I heard what the noble Lord, Lord Moynihan, said about the activities of children. But many of those children are properly transported by and with their parents and/or other adults. We believe that Clause 44 provides a balanced control against the misuse of air weapons. It ensures that young people generally do not have unsupervised access to air weapons, while allowing a specific exception for responsible shooters. We believe that the balance is about right and that this would be the appropriate point to come to a proper rest.

Lord Moynihan: Sadly, I fundamentally disagree with the Government on this issue. However, this is not the hour to cover all the points and respond to them in depth, save to say that there has never been a single incident of an offence involving a member of a registered sports shooting club.
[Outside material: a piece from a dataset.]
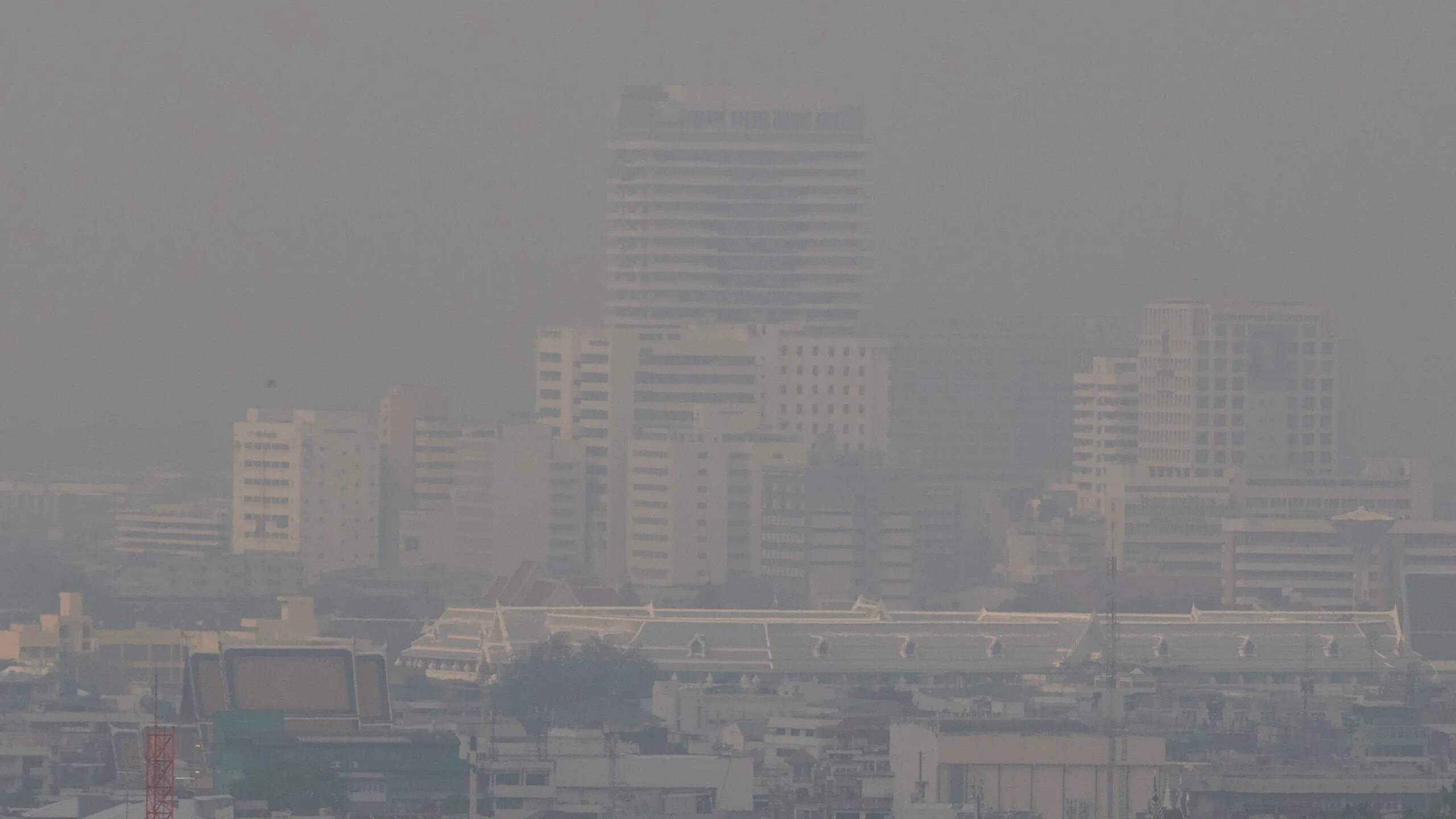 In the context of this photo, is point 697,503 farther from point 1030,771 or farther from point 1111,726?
point 1030,771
In the light of that, and with the Minister's agreement, I ask her whether I may discuss the subject in detail with her officials with the intention of seeking common ground in advance of Report stage to see whether we can make progress on this issue.

Baroness Scotland of Asthal: I am more than happy to indicate that we would welcome such a dialogue. I am sure that arrangements can be made for the noble Lord to have that opportunity.

Lord Dixon-Smith: This has been a very good debate. I am bound to say that the response of the Minister is disappointing. But we shall consider whether we can draft these amendments in a different form which might satisfy some of the concerns that she exposed. In the mean time, I beg leave to withdraw the amendment.

Amendment, by leave, withdrawn.

[Amendments Nos. 179A to 182A not moved.]

Clause 44 agreed to.

Clause 45 [Prohibition of certain air weapons]:

[Amendment No. 182B not moved.]

Lord Bassam of Brighton: I beg to move that the House do now resume.

Moved, accordingly, and, on Question, Motion agreed to.

House resumed.

        House adjourned at five minutes before midnight.